[[ GIVEN DATA open ]]
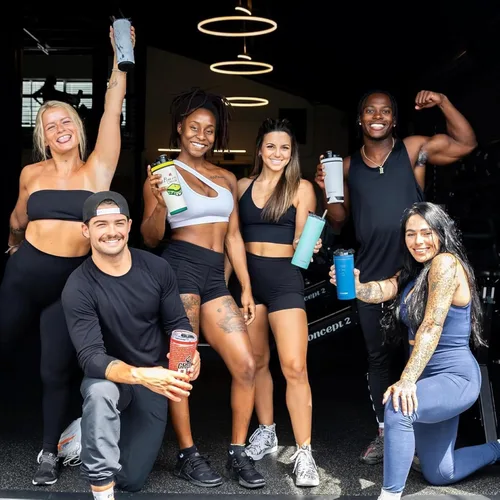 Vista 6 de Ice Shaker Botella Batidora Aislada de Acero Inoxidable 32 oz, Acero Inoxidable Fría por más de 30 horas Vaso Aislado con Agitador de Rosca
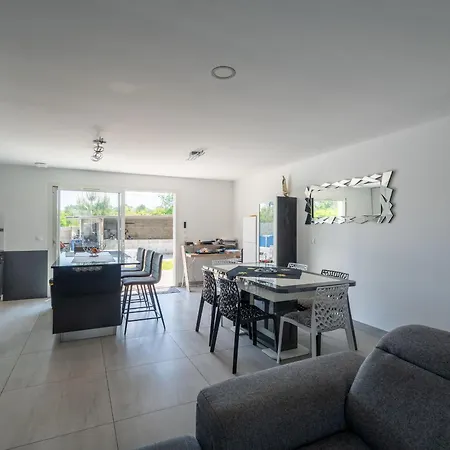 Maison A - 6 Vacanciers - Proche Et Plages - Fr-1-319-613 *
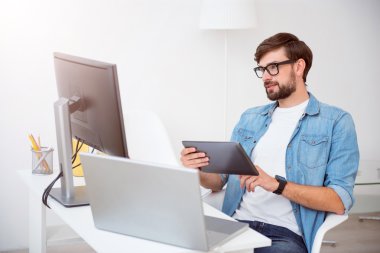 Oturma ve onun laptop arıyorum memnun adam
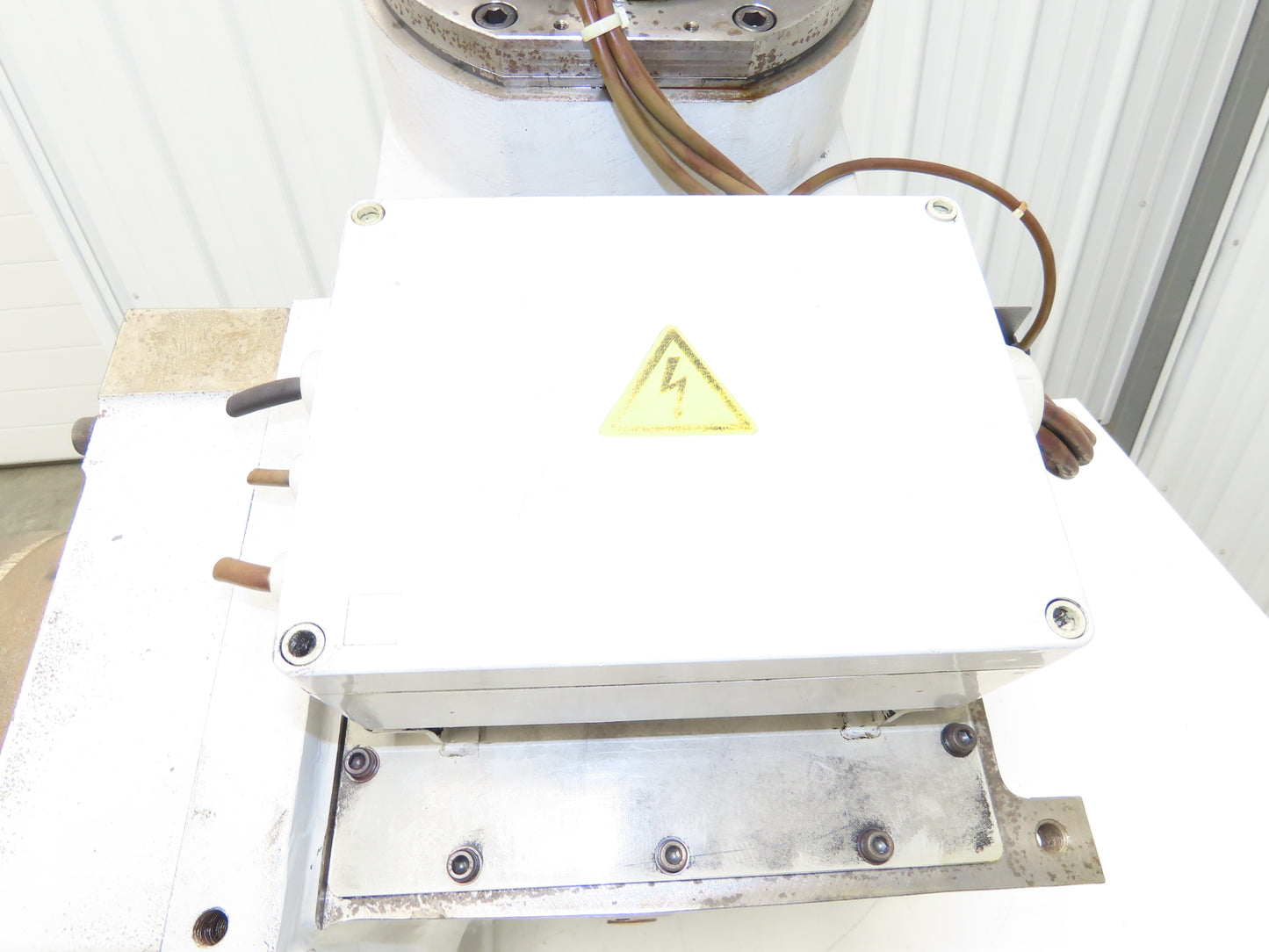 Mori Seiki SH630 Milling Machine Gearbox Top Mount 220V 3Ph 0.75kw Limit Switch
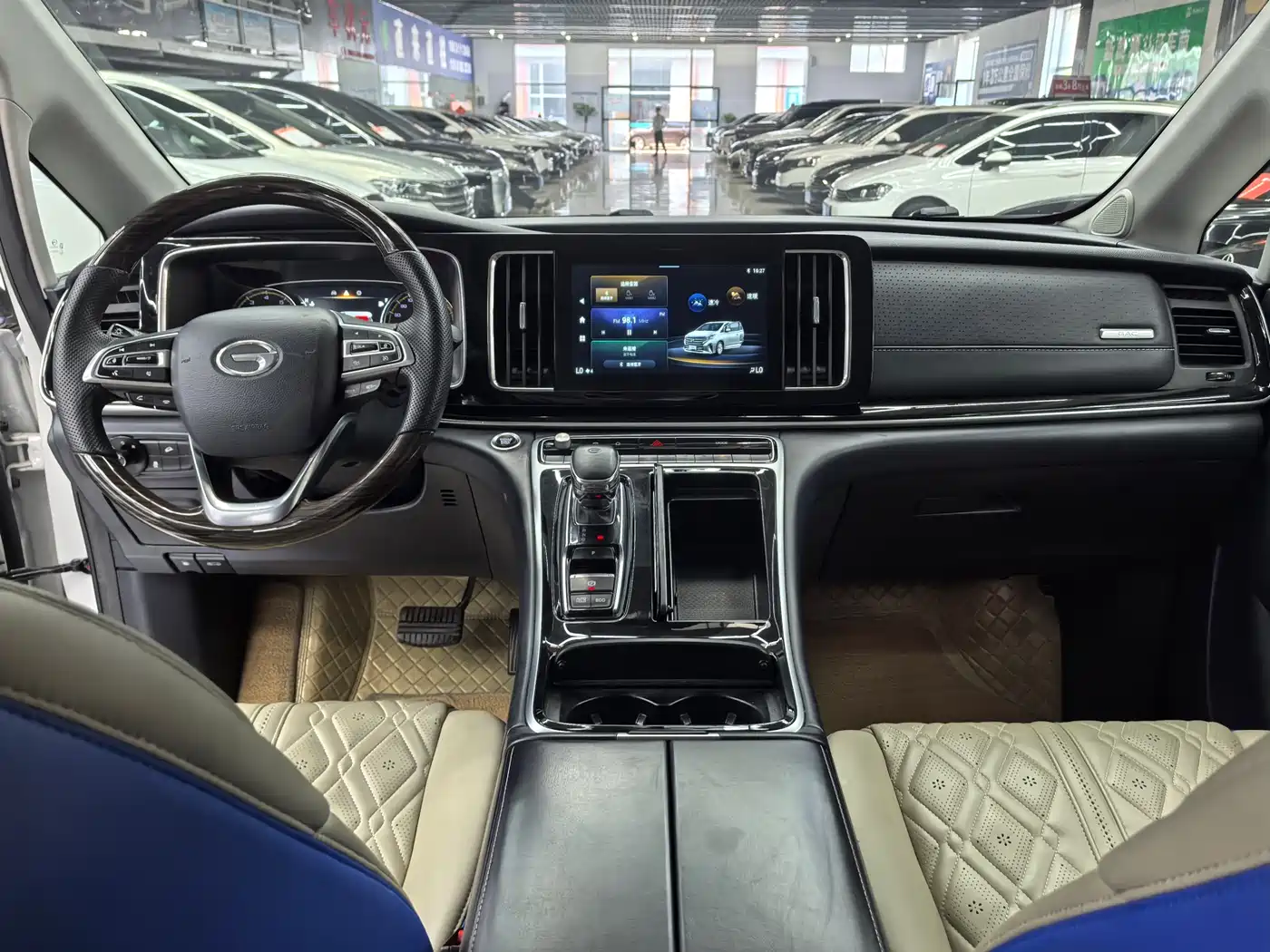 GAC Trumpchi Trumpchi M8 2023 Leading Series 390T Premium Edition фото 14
[[ GIVEN DATA closed ]]
* EXERCISE BRIEF:
The response must match the data line for line, from its first line through the line with "Mori Seiki SH630", inclusive, and must leave out the pictures.

* YOUR SOLUTION:
 Vista 6 de Ice Shaker Botella Batidora Aislada de Acero Inoxidable 32 oz, Acero Inoxidable Fría por más de 30 horas Vaso Aislado con Agitador de Rosca
 Maison A - 6 Vacanciers - Proche Et Plages - Fr-1-319-613 *
 Oturma ve onun laptop arıyorum memnun adam
 Mori Seiki SH630 Milling Machine Gearbox Top Mount 220V 3Ph 0.75kw Limit Switch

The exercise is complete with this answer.